All of which leaves a lot of room for interpretation, as the 1,500 CD reviews that Yanow has exhaustively culled thus attest. “According to legend,” he continues, “the Swing era began on August 21, 1935, when the Benny Goodman Orchestra practically caused a riot at Los Angeles’s Palomar Ballroom.”
Putumayo World Music, the label known for its global-music anthologies, has just released Swing Around the World, a dozen marvelous tracks spanning Europe, Africa and the United States in capturing the exuberant range of what it means to swing. This is not your average collection of notable swing hits. No Goodman, no Ellington, not even any Dave Bartholomew, the trumpet-playing maestro who channeled New Orleans big-band music into the swinging rhythm section of the 1950s Fats Domino hits.

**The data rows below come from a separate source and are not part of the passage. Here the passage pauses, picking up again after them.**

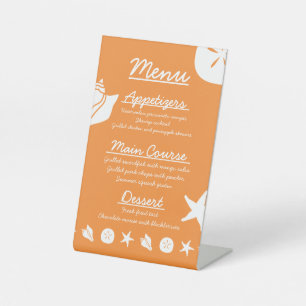 Summer Seashells in Orange Pedestal Sign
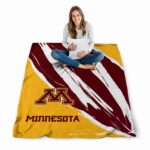 minnesota golden gophers brushstrokes maroon white blanket best selling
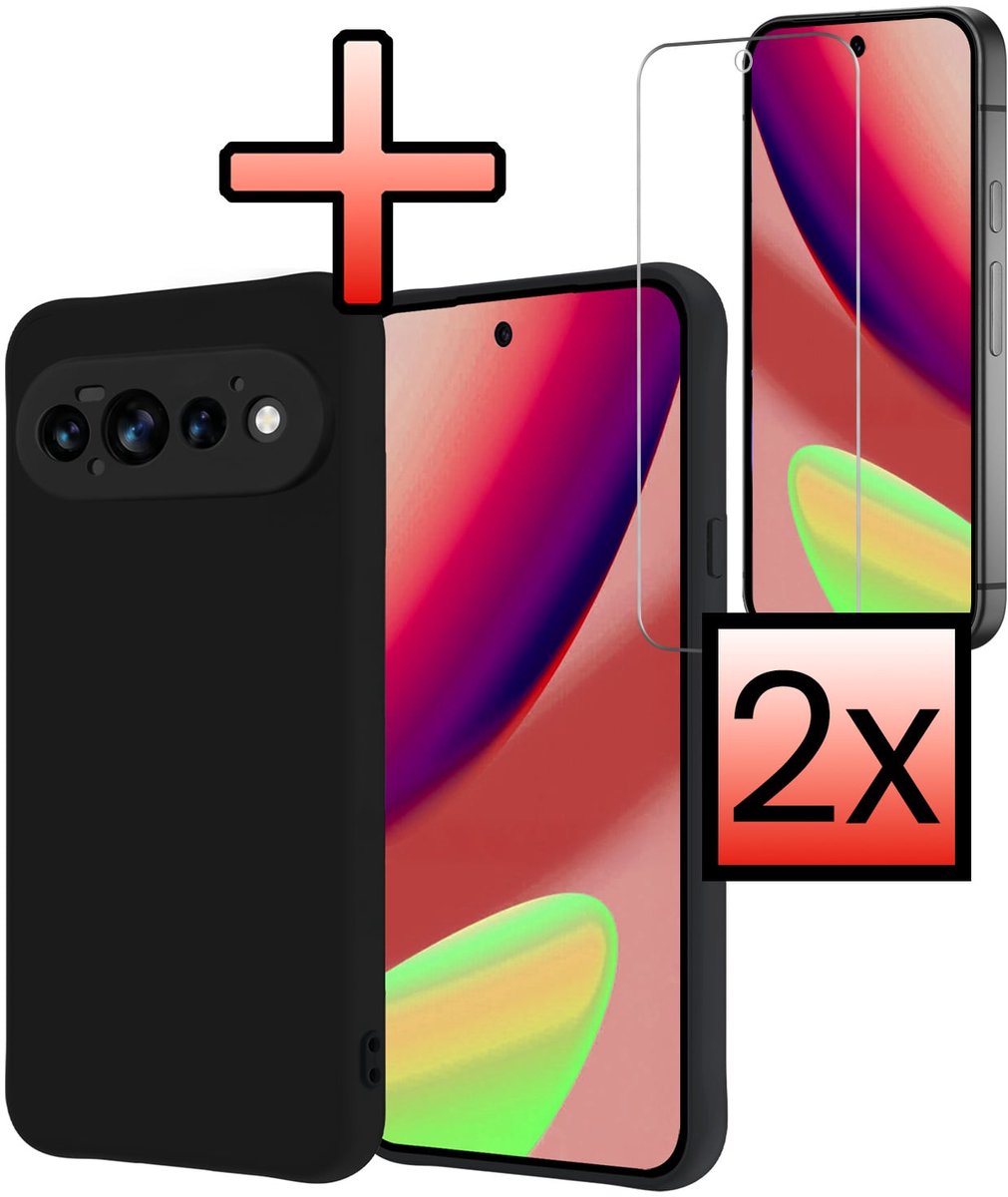 Hoesje - Met 2x Screenprotector - Geschikt voor Google Pixel 11 Pro - Sterk & Shockproof - Back Cover - Siliconen Case - Telefoon Hoes - Zwart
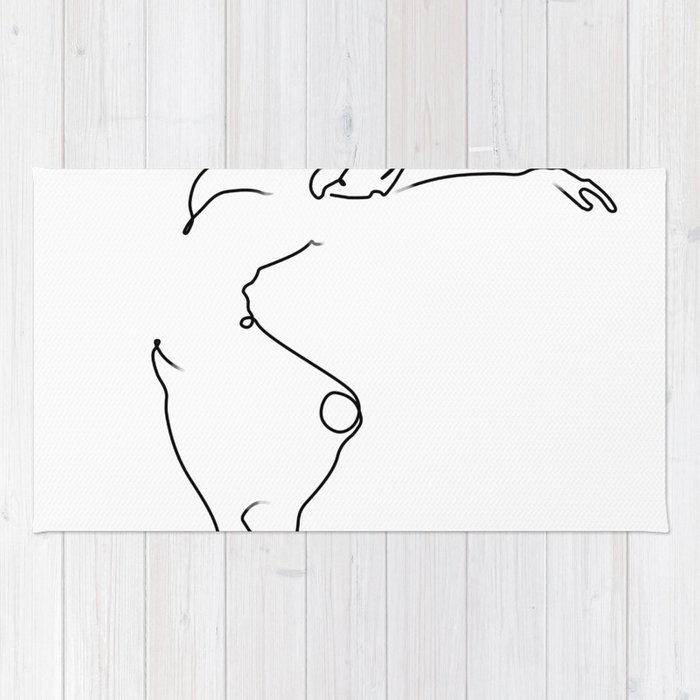 700x700 dancing woman silhouette drawing rug - Woman Silhouette Drawing
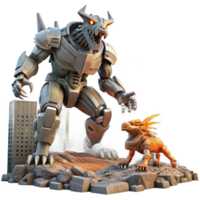 serene artistic A Giant Robot Battling a Colossal Alien C detailed png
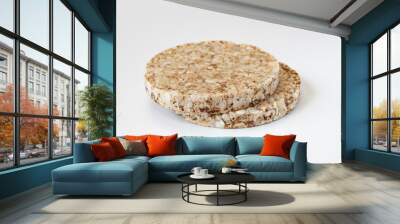 rice cakes isolated on white background, grain crispbreads Wall mural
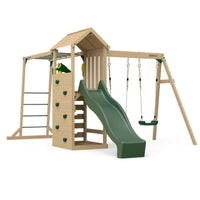 Wooden Lookout Tower with Swings on White  Background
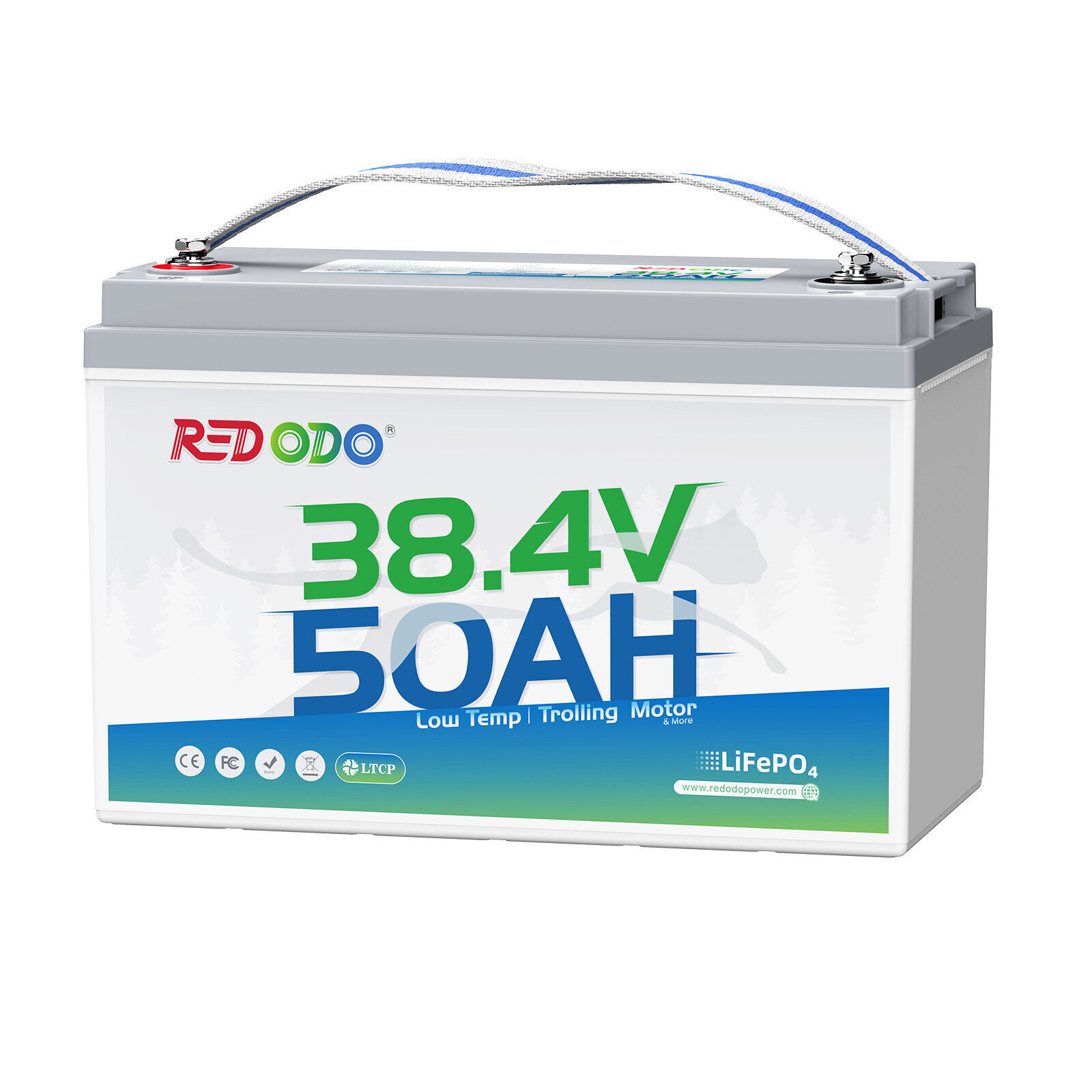 Redodo 12V 24V 36V 50Ah LiFePO4 Battery for 20-120 lbs Trolling Motor Kayak Boat
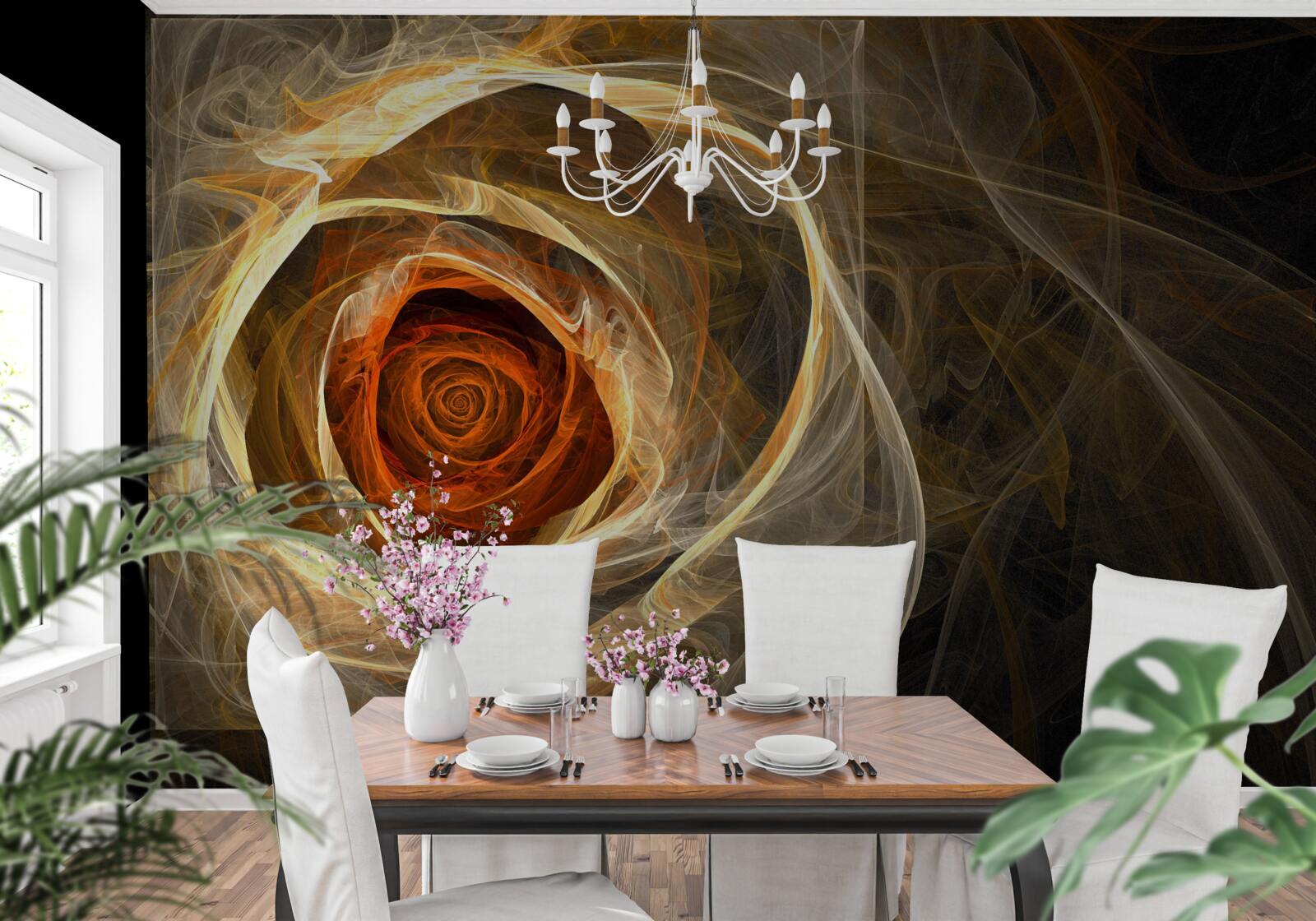 Fototapeten Helle Rose mit einem rötlichen Herzen im abstrakten Stil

Instead we hear artists such as the Cool Crooners of Bulawayo, four mellow, dazzlingly melodic fellows from a working-class township in Zimbabwe’s second-largest city, who hit their stride in the 1950s amidst a dance craze called marabi that swirled around ragtime, swing and homegrown polyrhythms. The Cool Crooners’ melodic flow has warmly retro tones, as though influenced by Afro-American doowop harmonizers who enriched city streets of the past.
The only drawback to this lush gathering of songs is the liner notes. With English, Spanish and French translations for each artist, the otherwise intelligent commentary omits a lot of names, such as those of the four men of the Cool Crooners.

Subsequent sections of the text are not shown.